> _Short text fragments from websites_
════

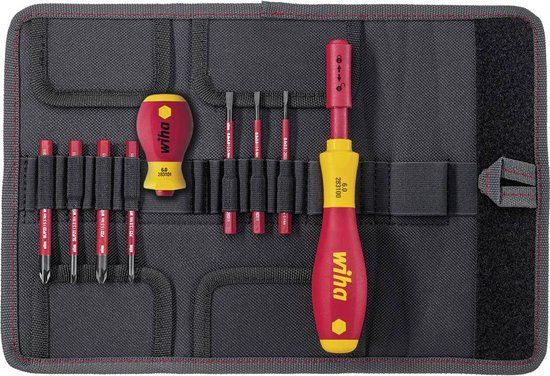 Wiha SlimVario 9-delige schroevendraaier- en bitset - VDE - In etui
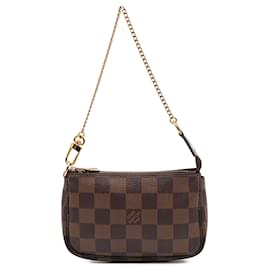 Louis Vuitton-Mini Pochette Accessoires Damier Ébène Marron Louis Vuitton-Marron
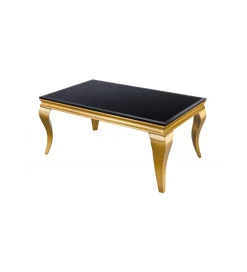 Invicta Interior Stolik kawowy TRENTINO Modern Barock 100 cm czarny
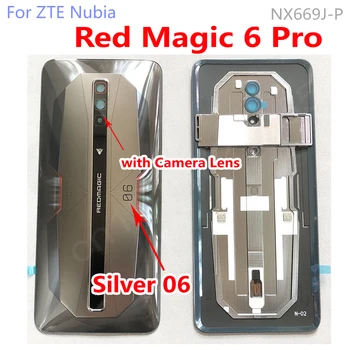 Alkuperäinen Akku Takaisin Kansi ZTE Nubia Red Magic 6 Pro NX669J-P Kotelo Lasi Kansi Oven Takana Tapauksessa Kameran Linssi 6Pro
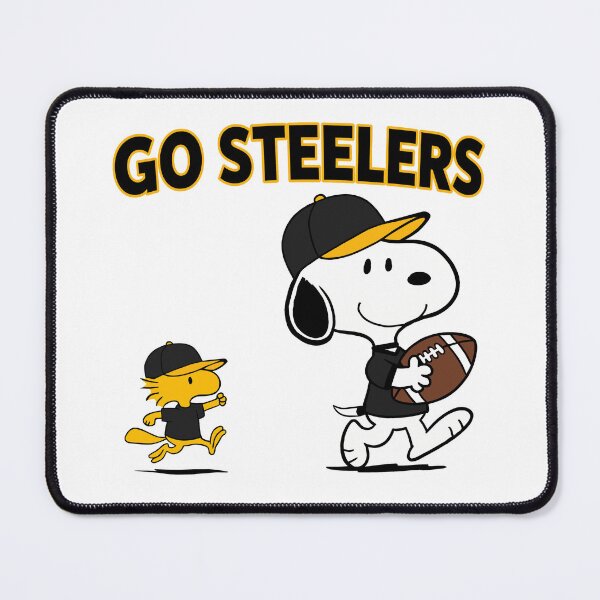 Item preview, Snoopy & Woodstock Pittsburgh Steelers Football Retro F628 designed and sold by GLUVY-THEME.
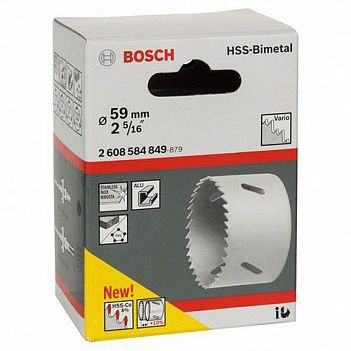 Коронка по металлу и дереву Bosch HSS-Bimetal 59 мм (2608584849)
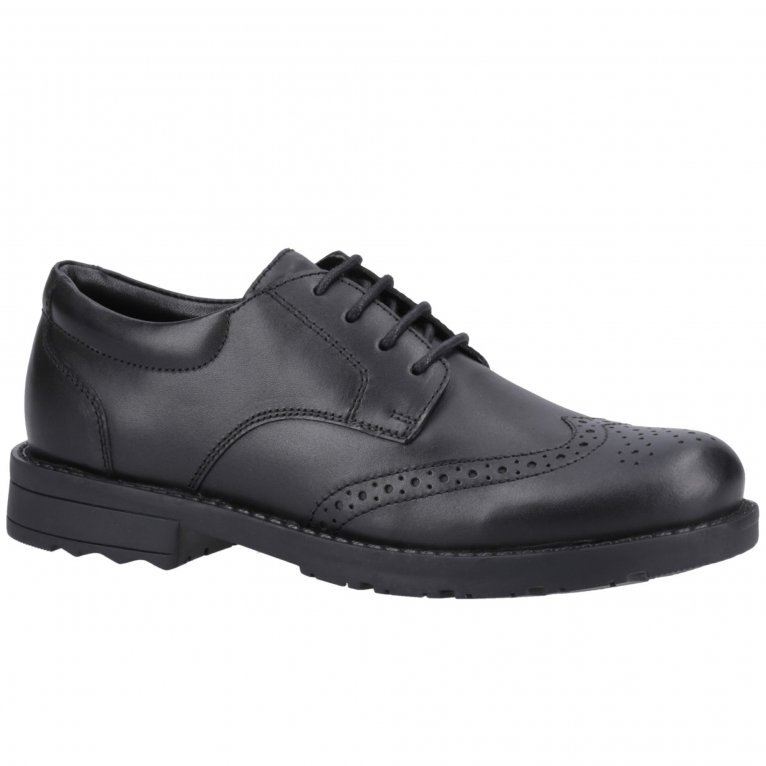 charles clinkard Hush Puppies Brian Senior Boys School Shoes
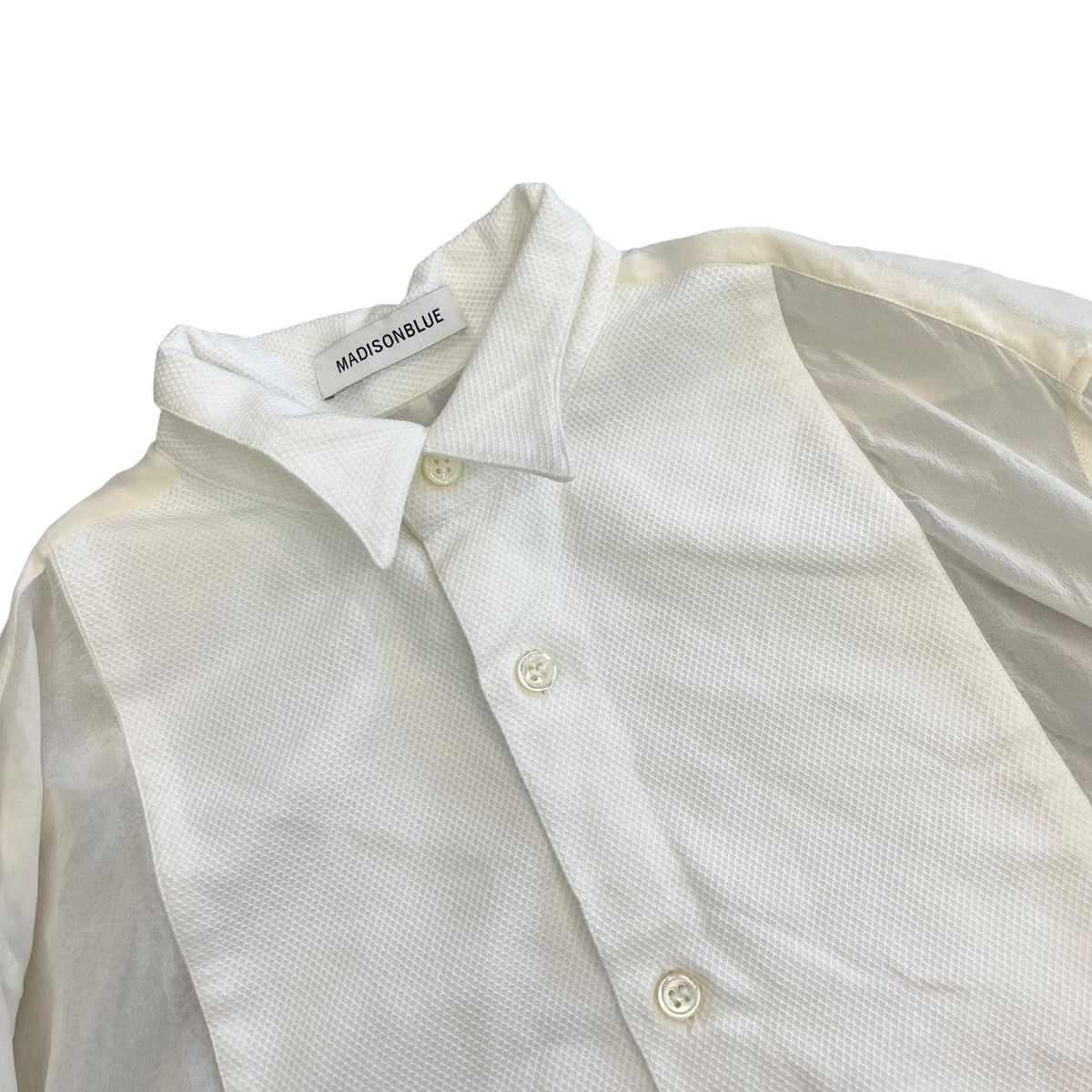 MADISON BLUE TUXEDO SH SILKシアーシャツMB204-5021 古着・中古-3枚目のアイテム画像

════

> _TASK_
Return each line above exactly; any pictures are to be skipped.

> _RESULT FOR THIS EXERCISE_
 Wiha SlimVario 9-delige schroevendraaier- en bitset - VDE - In etui
 Louis Vuitton-Mini Pochette Accessoires Damier Ébène Marron Louis Vuitton-Marron
 Invicta Interior Stolik kawowy TRENTINO Modern Barock 100 cm czarny
 Alkuperäinen Akku Takaisin Kansi ZTE Nubia Red Magic 6 Pro NX669J-P Kotelo Lasi Kansi Oven Takana Tapauksessa Kameran Linssi 6Pro
 Item preview, Snoopy & Woodstock Pittsburgh Steelers Football Retro F628 designed and sold by GLUVY-THEME.
 Коронка по металлу и дереву Bosch HSS-Bimetal 59 мм (2608584849)
 charles clinkard Hush Puppies Brian Senior Boys School Shoes
 MADISON BLUE TUXEDO SH SILKシアーシャツMB204-5021 古着・中古-3枚目のアイテム画像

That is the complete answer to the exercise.